I've heard that XML may be the basis, or at least part of the answer to my question and this requirement.
I also believe that the Semantic Web [w3.org] should be very related one day, but not very much today due to its apparent obscurity for developers and inapplicability or lack of practicality for publishers, for the current time. However, how can I make all the items in my website, articles, images, etc, future-proof? I mean how can I make them ready for a Semantic Web one day? And ready for a possible shift or upgrade from XHTML to an XML web one day? And that metadata stuff that comes along with it? The goal is to minimize administration later on, and save hundreds of hours rebuilding all this stuff or adding vital information to it (like metadata for instance?) so it can comply with future web standards.
And to give an example, how, for instance, can my articles and other items be fairly ready for so-called RDF browsers, like Longwell [simile.mit.edu].
I know there must be work done anyway in the future, with these revolutionary upgrades, but how can I minimize this work 5 years from now for instance?
Any advice, guidelines, directions, and recommendations of subjects and technologies to be studied, will be very appreciated.
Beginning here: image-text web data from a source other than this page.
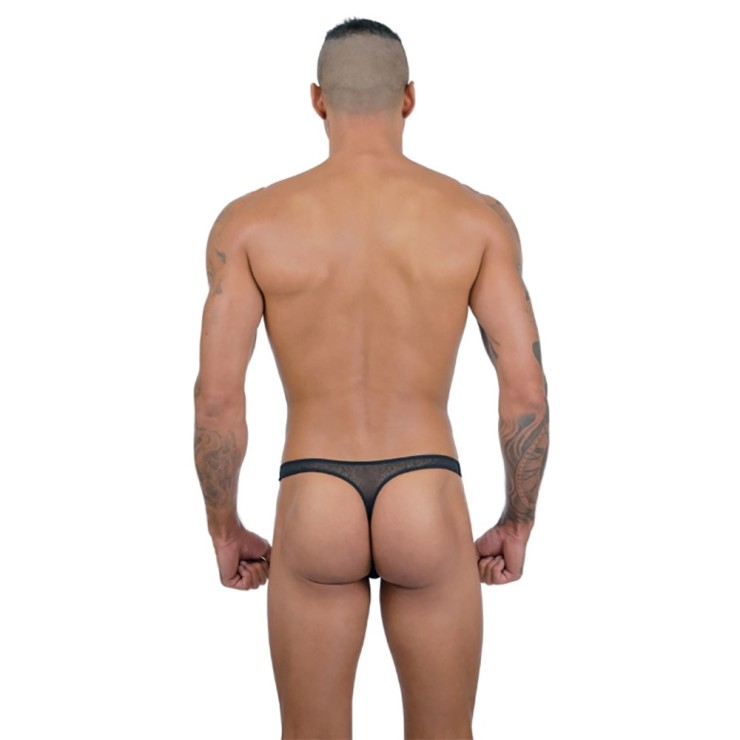 PERIZOMA SEXY PER UOMO IN MELANGE DI EROS VENEZIANI 2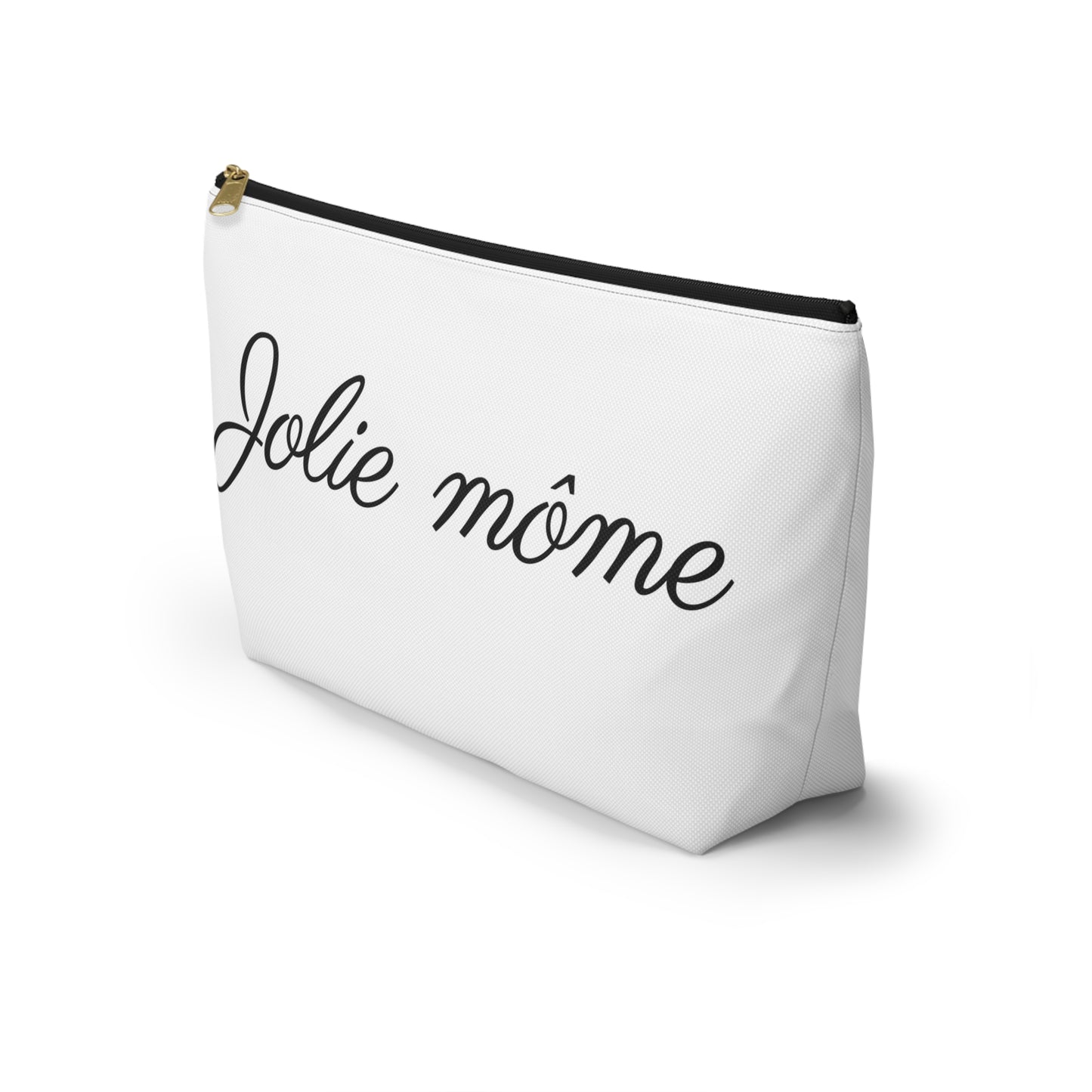 Chic Accessory Pouch "Jolie Môme" (Cute babe)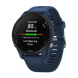 Watch Garmin Forerunner 255 GPS 33mm Graphite Band - Dark Blue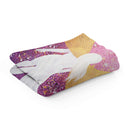 Sonja Ariel von Staden Kunstdruck Decke / 150x100 cm Engelbild: Engel der Sinnlichkeit - Kunstdruck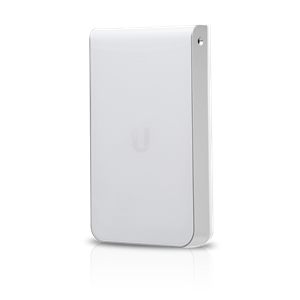 UAP-IW-HD In Wall 802.11ac WAVE2 Wifi by Ubiquiti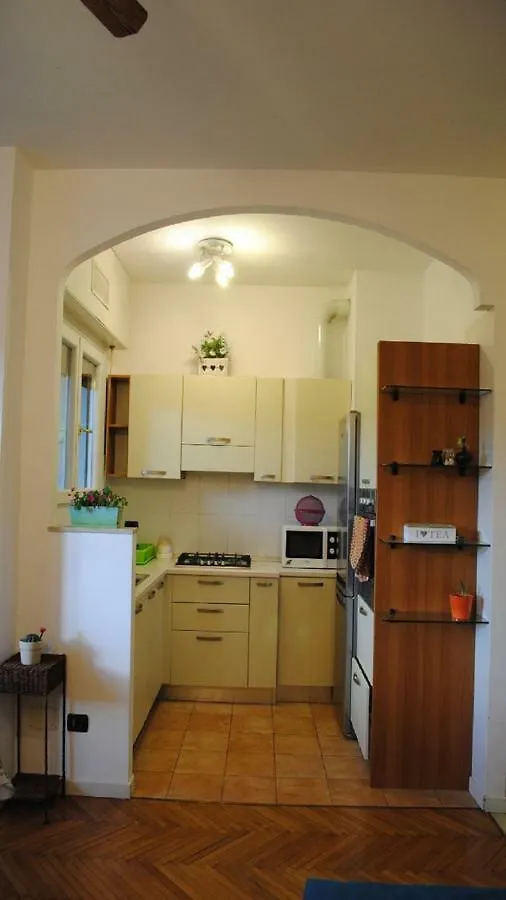 Apartmán San Raffaele Citta Studi Milán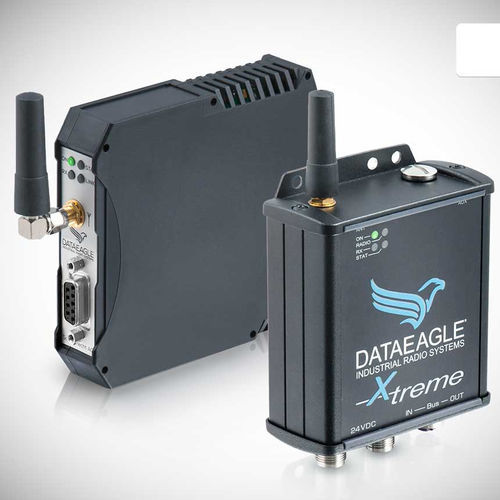Système de transmission de données sans fil - DATAEAGLE 3000 series - Schildknecht AG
Thanks for anyone taking the time to help.
db -> transform -> (x)html/xml/csv/pdf/etc
db -> xml -> transform -> (x)html/xml/csv/pdf/etc
db -> interface -> partners/suppliers/clients/etc
The idea of being "future proof" is a kinda shaky one, perhaps "developability" is a better aim.
Can you elaborate just a little bit on the list of 3 sentences that you wrote there? I didn't quite understand what you meant by them.
You can pull the data out and use asp/php/jsp/etc + fast native db interface to write out the data into the output format. Or you can pull out data in XML format and use XSLT to transform it into the output format. Or you may want to implement a public XML interface e.g. using SOAP (like the Google API) open to affiliates or resellers. Or you can spit out a csv file of products every 24 hours for Froogle.
Using a db also means you don't need to use XHTML, and can use HTML as the public-facing web page format. If you need to deliver an XML format as output, you can just do another transform on the raw data, without having to mess about stripping website bits (e.g. navigation) out of XHTML web pages.
XML is a great data exchange format (transferring data from one closed system to another) but too inefficient as a storage format in a closed system. If you start using lots of XML files there inevitably comes a point where you need to index them (in a database) to get decent performance. And then you start thinking "why are we using XML when we're just importing it into a database anyway...?" :)